Его великие произведения того периода – «Чевенгур» и особенно «Котлован» – обычно трактуются как критическое изображение сталинской утопии с ее катастрофическими последствиями. Такое понимание глубоко ошибочно. Почему? В этих двух работах Платоновым построена не утопия сталинского коммунизма, а гностико-материалистическая утопия, против которой зрелый сталинизм выступил в начале 1930-х годов. В этой утопии преобладают гностико-материалистические мотивы: сексуальность и вся телесная область размножения/разложения воспринимаются как ненавистная тюрьма и будут преодолены путем научного конструирования нового, десексуализированного, бесплотного и бессмертного тела (вот почему антиутопия Замятина «Мы» также является не критическим изображением тоталитарного потенциала сталинизма, а экстраполяцией гностико-утопической тенденции революционных 1920-х, с которой сталинизм как раз и боролся.
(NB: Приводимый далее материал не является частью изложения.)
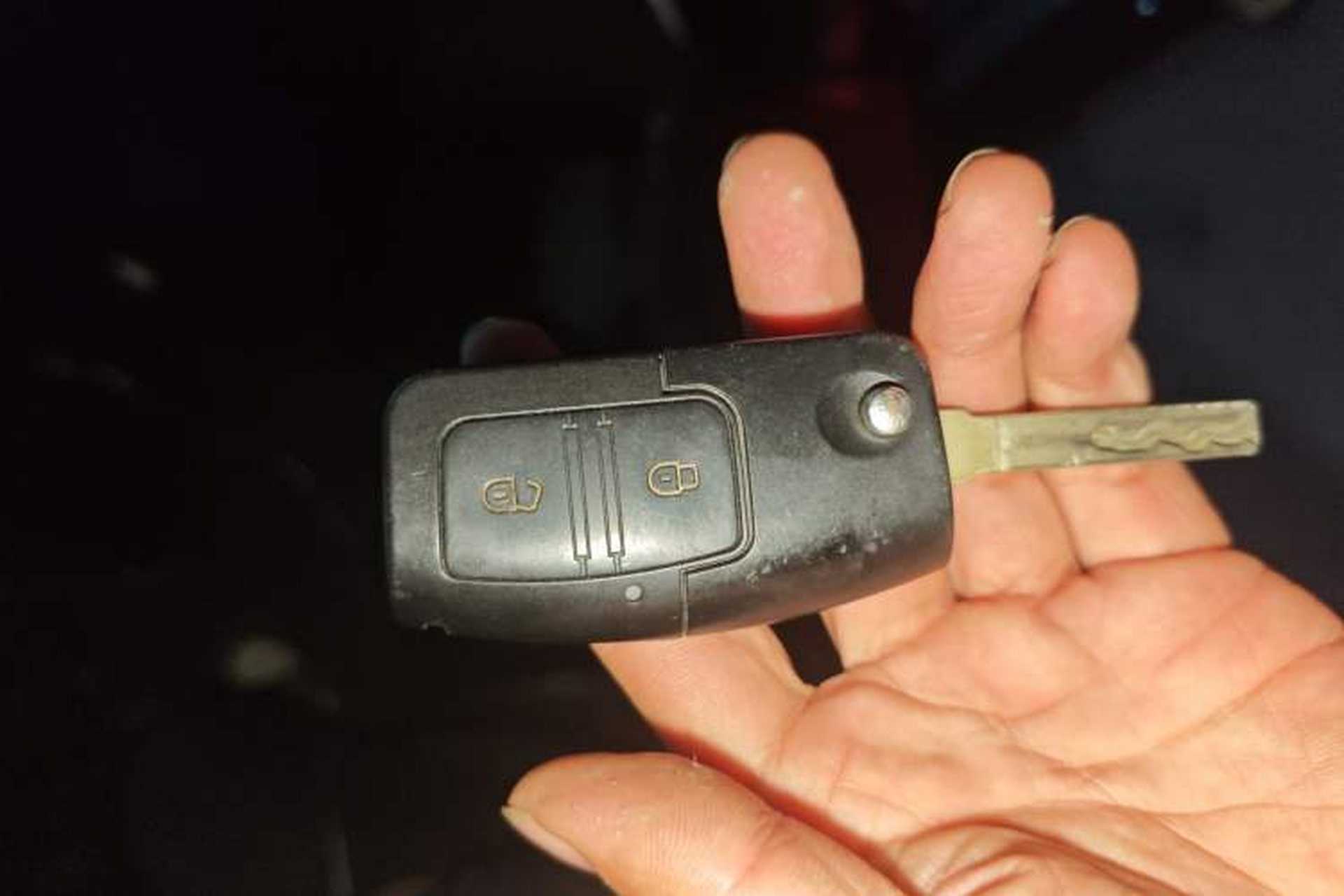 Used JMC Fushun  Vehicle Key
В этом смысле прав был Альтюссер, не отвлекающийся на дешевые парадоксы, когда утверждал, что сталинизм – это форма гуманизма: его «культурная контрреволюция» была гуманистической реакцией против «экстремистских» гностико-утопических и постгуманистических 1920-х). Следует отметить, что Ленин с самого начала скептически относился к этой гностико-утопической ориентации (привлекавшей, среди прочих, Троцкого и Горького) с ее мечтой о прорыве к новой пролетарской культуре и новому человеку. Тем не менее нужно понимать, что гностический утопизм – это своего рода симптом ленинизма, проявление того, что послужило провалу революции, зерно ее последующей «смутной катастрофы». Возникает вопрос: является ли утопический мир, описанный Платоновым, экстраполяцией имманентной логики коммунистической революции или логики, подрывающей деятельность тех, кто не может следовать сценарию «нормальной» коммунистической революции и втягивается вместо этого в милленаристский проект, обреченный на унылое поражение? В каком отношении идея коммунистической революции находится с милленаристской идеей мгновенного воплощения утопии? Можно ли вообще четко разделить эти идеи? В конце концов, была ли это «настоящая» и «зрелая» коммунистическая революция? И если нет, то что это значит для самого понятия коммунистической революции?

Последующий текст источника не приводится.